Track and field's global governing body said on Monday that its computer network had been compromised by the same Russian cyber espionage group that US intelligence have tied to a broad effort to influence the US presidential election.
IAAF said the hackers were able to gain access to athletes' data, and that it discovered the attacks on Feb 21. It attributed them to Fancy Bears, a group that stole records from global anti-doping regulators last year, after the regulator had recommended Russia be barred from the 2016 Rio Olympics.
Intelligence officials have linked Fancy Bears to Russia's military intelligence agency. The IAAF said it had consulted with authorities in Britain and Monaco, where the organisation has its headquarters.

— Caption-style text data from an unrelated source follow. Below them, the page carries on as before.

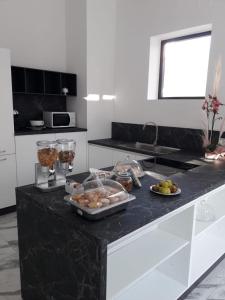 A kitchen or kitchenette at La Corte dei Pozzi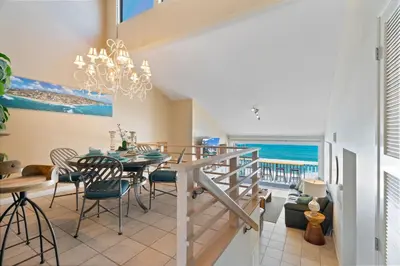 a dining room with a table and chairs and a view of the ocean at Picturesque Perfection in Leucadia in Encinitas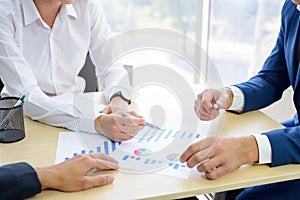 Business People Analyzing Financial Results on Graphs around the Table in Modern Office. Team Work Concept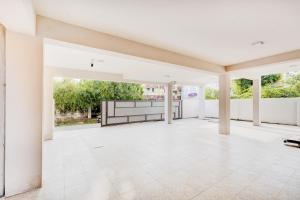 Ein Balkon oder eine Terrasse in der Unterkunft Super Collection O Sholinganallur Chennai Formerly Nimalan Residenc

"Our first priority is to the athletes who have provided the IAAF with information that they believed would be confidential," Coe said.
"They have our sincerest apologies and our total commitment to continue to do everything in our power to remedy the situation."
Last year, Fancy Bears hacked the database of the World Anti-Doping Agency, as well as the e-mail account of an employee from the US Anti-Doping Agency .
Through the end of 2016, they published the confidential medical information of more than 100 athletes, including tennis star Serena Williams and British ex-cyclist Bradley Wiggins.